## Task item
Write out exactly the lines below starting at the one containing "50 Pcs Wooden" and ending at the one containing "Candidato JOÃO PEDRO". Omit every picture.

-- Supplied material follows --

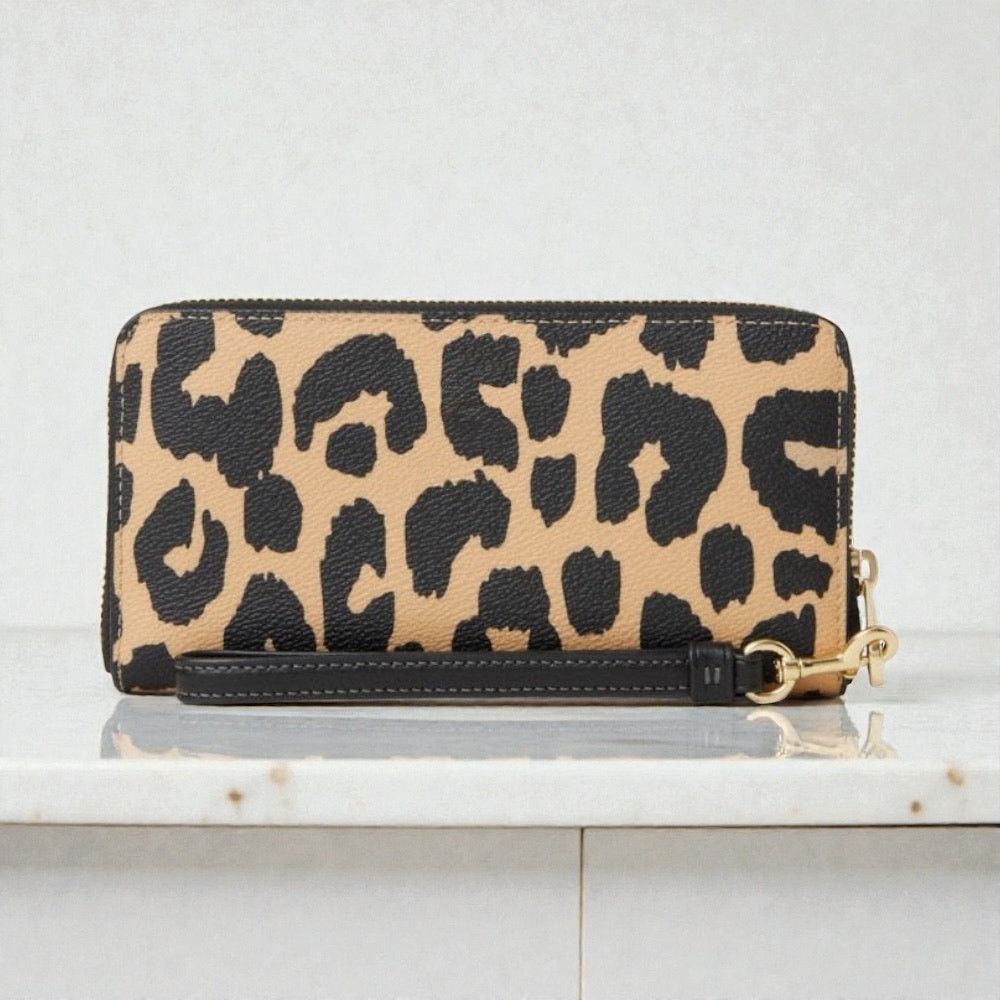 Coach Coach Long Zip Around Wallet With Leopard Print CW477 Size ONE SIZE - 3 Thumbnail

-- Supplied material concluded --
-- Supplied material follows --

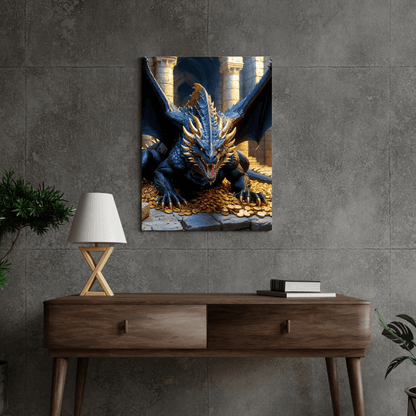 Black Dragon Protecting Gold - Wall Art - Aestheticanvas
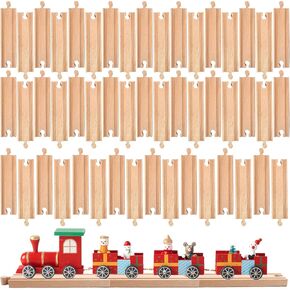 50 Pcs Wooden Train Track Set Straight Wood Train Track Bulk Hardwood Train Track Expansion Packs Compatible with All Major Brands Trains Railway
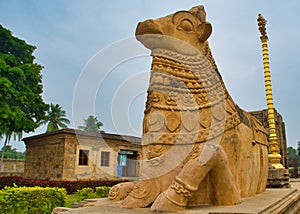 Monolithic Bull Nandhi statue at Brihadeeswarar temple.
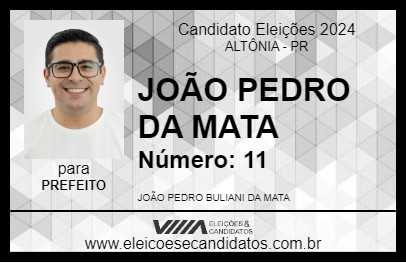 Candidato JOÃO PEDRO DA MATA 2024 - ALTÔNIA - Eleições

-- Supplied material concluded --

## Completed exercise
 50 Pcs Wooden Train Track Set Straight Wood Train Track Bulk Hardwood Train Track Expansion Packs Compatible with All Major Brands Trains Railway
 Monolithic Bull Nandhi statue at Brihadeeswarar temple.
 Candidato JOÃO PEDRO DA MATA 2024 - ALTÔNIA - Eleições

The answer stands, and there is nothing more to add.